US Sailing
- Founded: October 30, 1897
- Location(s): 1 Roger Williams University Way, Bristol, Rhode Island, U.S. (On the campus of Roger Williams University);
- Website: ussailing.org

= US Sailing =

National governing body for sailing in the USA

The United States Sailing Association (US Sailing) is the national governing body for sailing in the United States. Founded in 1897 and headquartered in Bristol, Rhode Island, US Sailing is a 501(c) (3) non-profit organization. US Sailing offers training and education programs for instructors and race officials, supports a wide range of sailing organizations and communities, issues offshore rating certificates, and provides administration and oversight of competitive sailing across the country, including National Championships and the US Sailing Team.

US Sailing is responsible for selection and training of the US Sailing Team representing the United States in the Olympic Games. Sailors who eventually compete in the Olympics are coming from a well developed racing community in the U.S. Sailboat racing can be found in colleges and universities, yacht clubs, sailing clubs and sailing schools. This support produces sailors with solid sailing experience to compete in the Olympics. U.S. sailors also compete in the America's Cup and other races around the world. Paul Cayard, who previously (2021–2023) served as the executive director of the US Olympic Sailing Team is an example of someone who sailed (unsuccessfully) both in the Olympics and the America's Cup.

US Sailing is an organization that is not only a governing body for the Olympics, but has a formal process to engage professional schools in establishing national standards for education and accreditation. It is making an effort to engage its 44,000+ sailing and boating members and has recognized publicly that there is more effort needed in outreach for inclusion and diversity.
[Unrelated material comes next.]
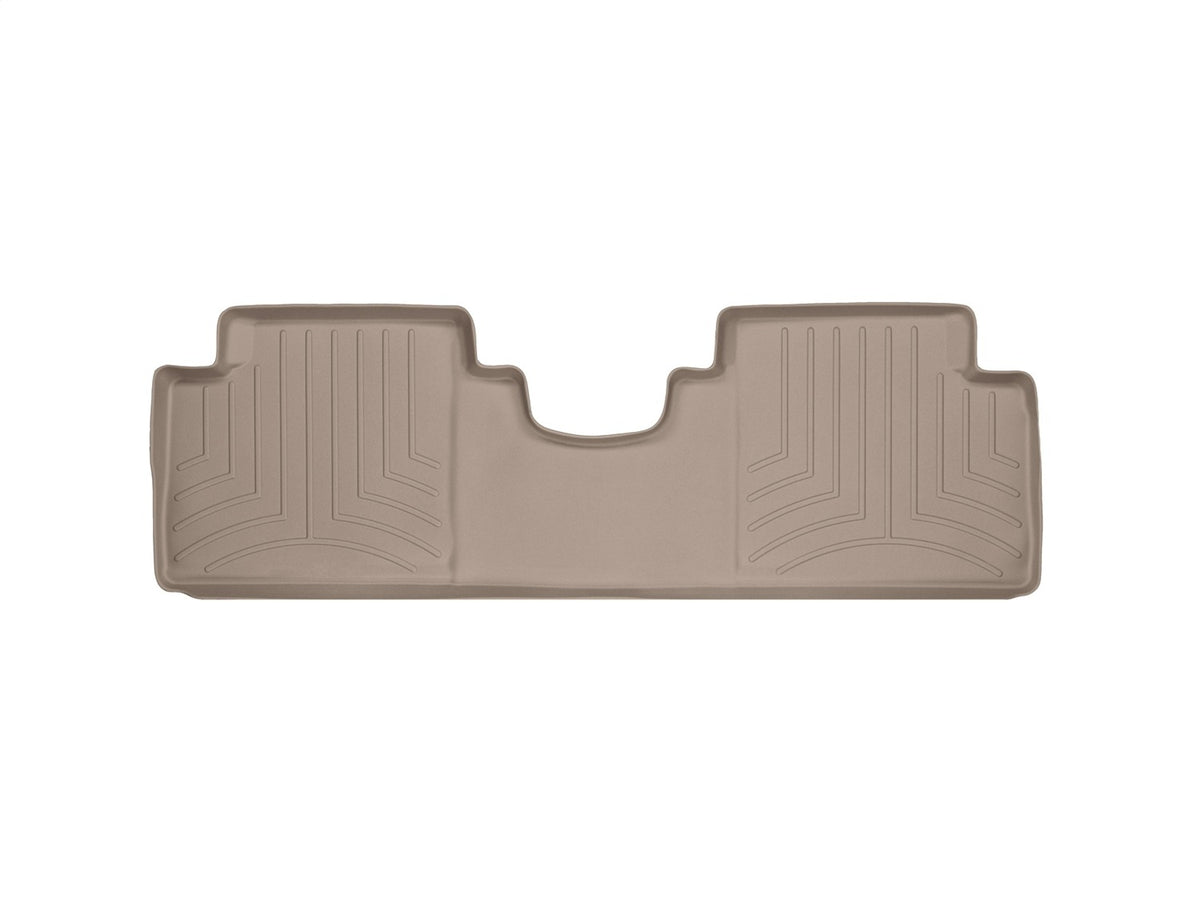 Weathertech - FloorLiner™ DigitalFit® - Tan Rear 05-09 Hyundai Tucson / 05-10 Kia Sportage - 451292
Its Siebel Sailors Program and other partnerships at the local level are seeking to improve the representation in the sport and recreational community so that it reflects the diversity in the US population.

==Objectives==
The stated objectives of US Sailing are to:
- Provide leadership, integrity and advancement for the sport of sailing.
- Be the recognized leader in training and certification, in support for the racing sailor and in facilitating access to sailing.
- Promote the participation, education, opportunity and safety of sailing.
- Raise standards and expand competitive sailing in the U.S.
- Achieve success at highest levels of international competition.
- Strengthen governance and organizational efficiency.

==History==
October 30, 1897: The North American Yacht Racing Union (NAYRU) was organized.

The Sears Cup has been awarded by US Sailing annually for the Chubb U.S. Junior Triplehanded Sailing Championship since 1921. The Mrs. Charles Francis Adams Trophy has been awarded annually by US Sailing for the U.S. Women's Sailing Championship since 1924. Neither US Sailing events were sailed during the World War II years 1942–45.
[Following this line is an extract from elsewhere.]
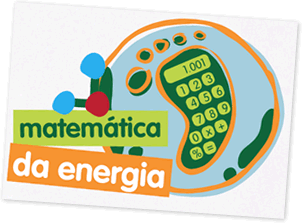 logotipo do concurso Matemática da Energia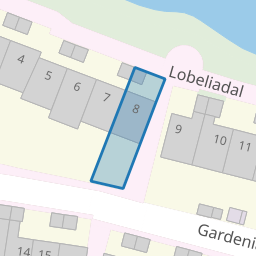 Perceel LDN01-S-1117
1931: Canada, which was originally part of NAYRU, formed its own Canadian Yachting Association (CYA)

1957: A trophy donated by the National Marine Manufacturers Association, was named for naval architect Nathanael Greene Herreshoff, began to be awarded annually

January 1975: NAYRU changed its name to the United States Yacht Racing Union. (USYRU)

Early 1980s: USYRU created a program to train young sailors through a network of certified instructors.

October 1991: USYRU change its name to the United States Sailing Association, Inc. and began to do business as US SAILING.

1993: US Sailing developed a comprehensive instruction program for adults to learn to sail in larger sailboats.

2019: US Sailing located its training for the US Sailing Olympic Team on Treasure Island, San Francisco

Competition at the 2020 Summer Olympics in Tokyo took place from 27 July to 6 August 2021 at the Enoshima Yacht Harbor. The RS:X, Laser, Laser Radial, Finn, 470, 49er, 49er FX, and Nacra 17 were all returning for 2020; there were no significant changes to the Olympic program from 2016.

==Membership==
US Sailing has four levels of membership (Individual, Family, Youth, and College) with varying eligibility requirements and benefits.